20VC Techstars Founder, David Cohen on Scaling Techstars Ventures and Investing In Uber, Twilio and Sendgrid

Summary Notes


In this episode of the 20 Minute VC, host Harry Stebings interviews David Cohen, founder and managing partner at Techstars, a leading startup accelerator with impressive statistics: 762 companies with 90% active or acquired, and over $2 billion in funding raised. Cohen, a serial entrepreneur with successful exits such as Pinpoint Technologies and earfeeder.com, shares insights on the early success of Techstars, the strategy behind his first fund Bullet Time Ventures, and the importance of being valuation-sensitive and disciplined with investment sizes. He also discusses the venture model's inefficiencies, particularly the gap between angel investing and venture capital, and the potential of 'big boring' industries. The episode touches on Cohen's personal investment philosophy, the significance of instinct in seed investments, and the story behind his investment in Uber. Harry also promotes Lisa mattresses' social mission and VC Unlocked, a program for aspiring investors.

Summary Notes

Introduction to David Cohen

  • David Cohen is the founder and managing partner of Techstars.
  • Techstars has 762 companies with 90% active or acquired and over $2 billion raised.
  • David Cohen is also a serial entrepreneur with successful exits including Pinpoint Technologies and earfeeder.com.

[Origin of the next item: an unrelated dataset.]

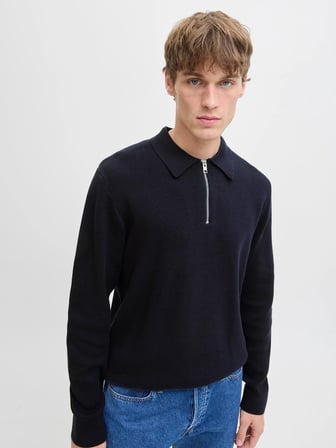 JPRMILANO STITCH KNIT ZIP POLO SN Night Sky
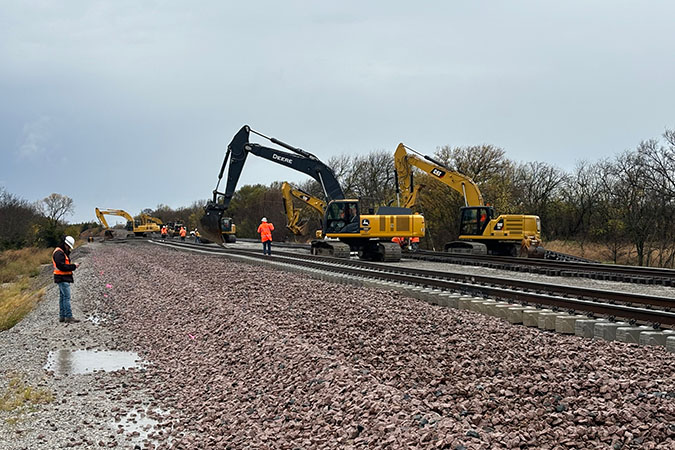 Engineering crews worked throughout the day to get the new track prepped and in service.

"So joining me today is David Cohen, now David, the founder and managing partner at Techstars."

The quote introduces David Cohen and his role as the founder and managing partner at Techstars, setting the stage for his insights on venture capital and entrepreneurship.

Techstars' Success

  • Techstars' accelerator programs began in 2007.
  • Early success indicated by three acquisitions within a year of the first program.
  • The success of the program was measured by the ecosystem impact, angel investing activity, and professionalization of angel investing.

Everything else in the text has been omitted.